Dans le même ordre d’idées, en décembre 2025, Human Rights Watch (HRW) a également proposé l’inclusion de l’apartheid de genre et d’autres dispositions spécifiques au genre dans le projet de traité, y compris la violence reproductive et le mariage forcé.

Selon les avocates internationales des droits humains Akila Radhakrishnan et Alyssa Yamamoto, 10 États se sont déclarés disposés à explorer la codification de l’apartheid de genre dans le projet de traité à compter de mai 2024. Dans un communiqué de presse d’octobre 2025, le Parlement européen a également déclaré que l’UE soutiendrait la reconnaissance de l’apartheid de genre comme un crime contre l’humanité et a déploré le régime taliban pour ses violations des droits humains des femmes et des filles.

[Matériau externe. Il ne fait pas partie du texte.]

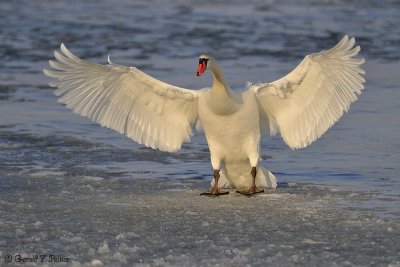  Mute Swan 16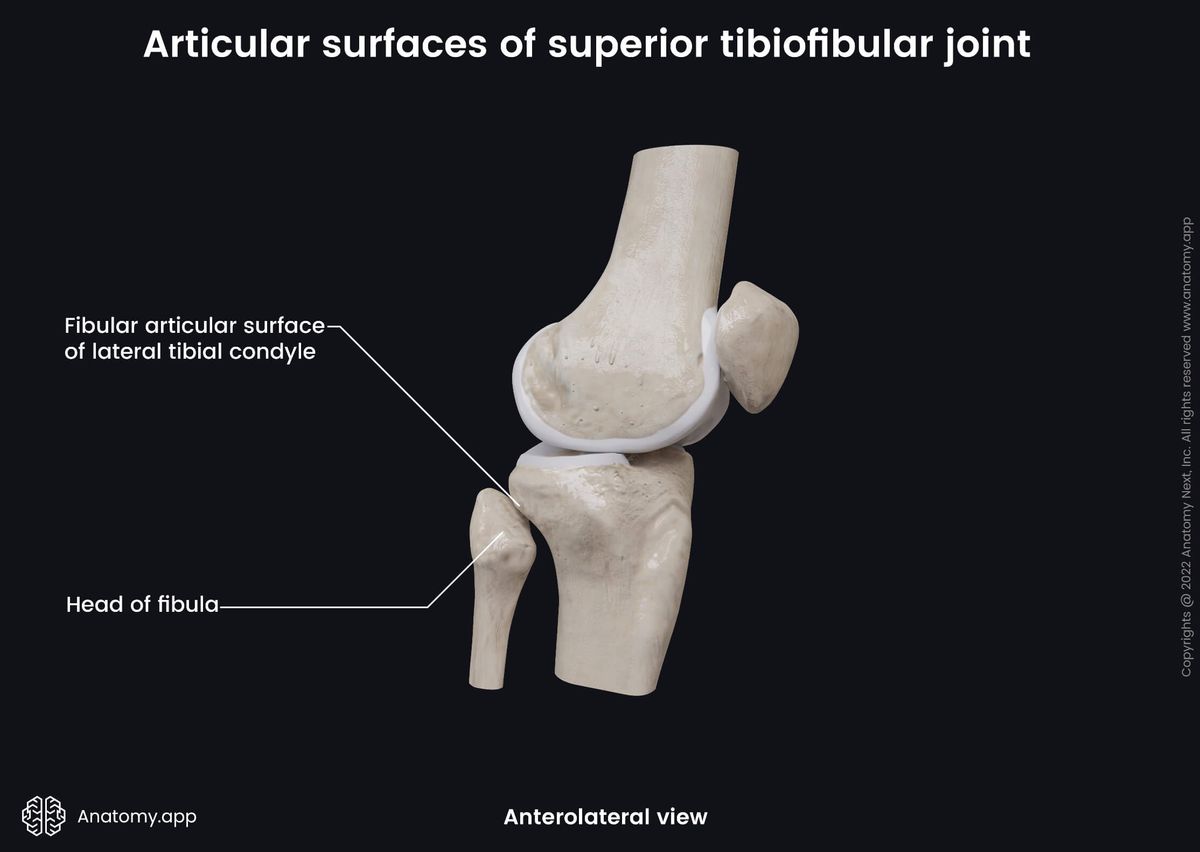 Superior tibiofibular joint, Proximal tibiofibular joint, Anterolateral view, Articular surfaces, Fibula, Tibia, Patella, Femur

Depuis la prise de pouvoir des talibans en 2021, des groupes de défense des droits humains et des organismes internationaux ont commencé à enquêter et à enregistrer les violations des droits humains en Afghanistan. En 2023, HRW a exprimé son opinion selon laquelle la persécution généralisée ou systématique perpétrée par le régime taliban constituait un crime contre l’humanité au sens du Statut de Rome. Par la suite, en janvier 2025, 26 pays ont exhorté le régime taliban à mettre fin à toutes les violations de la Convention des Nations Unies sur l’élimination de toutes les formes de discrimination à l’égard des femmes.

La Commission du droit international des Nations Unies a reconnu l’interdiction des crimes contre l’humanité comme norme impérative en 2019. Le projet de traité représente une étape importante vers la garantie des responsabilités pour les crimes contre l’humanité. Par exemple, le projet d’article 7 codifie le principe de compétence universelle, permettant aux États membres de poursuivre les individus qui auraient commis un crime contre l’humanité lorsqu’ils se présentent sur le territoire de l’État membre, même s’ils ne sont pas citoyens ou que le crime présumé n’a pas eu lieu sur leur territoire.